10/11/11

YUK KEMBALI KELAUT

Who is command the sea, He is command the world sebuah ungkapan yang begitu masyur didunia hingga saat ini masih menjadi pegangan negara-negara besar di seluruh dunia. Sejarah lautan merupakan sejarah panjang yang sering kali menimbulkan peperangan besar tak terkecuali di Indonesia. Mulai dari penyatuan nusantara sejak jaman Sriwijaya sampai peperangan merebut Irian Barat semuanya tidak lepas dari sektor yang satu ini. Namun hingga saat ini mengapa sektor kelautan masih terabaikan? Meskipun sudah dibicarakan diberbagai seminar-seminar, kajian ilmiah sampai pada surat kabar nasional, tidak terkecuali harian Kompas yang terlihat konsisten dalam memberitakan masalah kelautan Indonesia.
Headline kompas pada tanggal 8/11/2011 memperingatkan dengan keras bahwa pertumbuhan ekonomi Indonesia tidak diikuti dengan kualitas hidup warga negara Indonesia. Pertumbuhan ekonomi naik sebesar 6,5% namun peringkat indeks pembangunan manusia (IPM) secara global terdegradasi 16 peringkat dari 108 menjadi 124 dunia. Seandainya penurunan peringkat tersebut terjadi pada komperisis sepak bola misalnya Seri A liga Italia, tentu kesebelasan Indonesia sudah mengalami degradasi ke Seri B dan pelatih atau manajer tim bisa langsung dipecat tanpa ada pembelaan lagi. Untung Indonesia adalah sebuah negara demokrasi, sehingga selalu ada justifikasi pembenaran mengapa peringkat IPM Indonesia sampai terdegradasi 16 peringkat. Pembenaran yang sebenarnya kurang intelek datang dari staf ahli kementrian pendidikan dan kebudayaan bidang sosial dan ekonomi, Beliau memberikan statementnya bahwa: penurunan peringkat tersebut merupakan hal wajar dikarenakan jumlah negara yang diukuroleh UNDP meningkat dari 169 negara menjadi 187 negara, sungguh sebuah argumentasi yang kurang cerdas. Seakan-akan seorang staf ahli itu lupa bahwa masalah ekonomi adalah urusan mata pencarian (livelihood).

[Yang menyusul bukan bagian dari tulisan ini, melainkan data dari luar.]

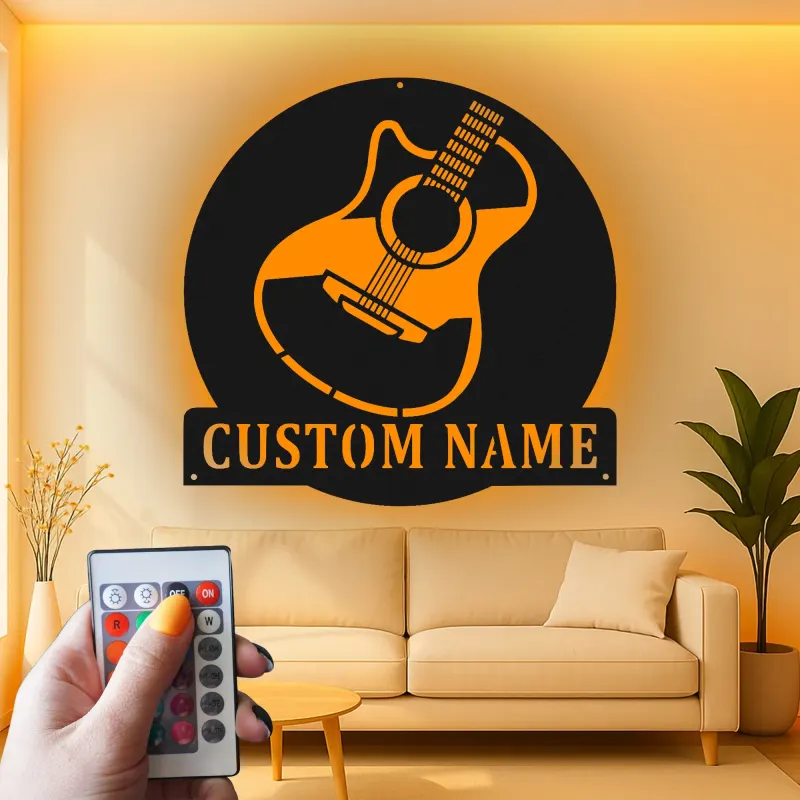 Letrero LED de guitarra personalizado | Decoración mural de metal personalizada para músicos | Decoración para estudio y sala de música con nombre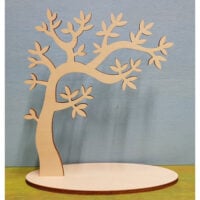 Albero in multistrato di legno grezzo e con base d'appoggio, altezza cm 22 MEDIO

Untuk membangun sebuah perekonomian yang berkualitas yang paling mudah adalah melihat keunggulan absolut dan komperatif negara ini. Keunggulan absolut suatu negara dapat dilihat dari kondisi geografis-nya. Kondisi geografis yang lebih dari 2/3 wilayah-nya merupakan lautan merupakan keunggulan abolut yang belum tentu dimiliki oleh negara-negara lain didunia. Dilaut sebenarnya kita mempunyai banyak-banyak keunggulan, mulai dari sektor perikanan, sektor pariwisata, transportasi, daerah pertahanan dan beberapa kandungan mineral didalammnya. Namun itu semua belum termanfaatkan dengan baik dikarenakan dua hal: Pertama masalah financial yang kedua masalah ketertarikan anak-anak muda untuk mengelola laut-nya.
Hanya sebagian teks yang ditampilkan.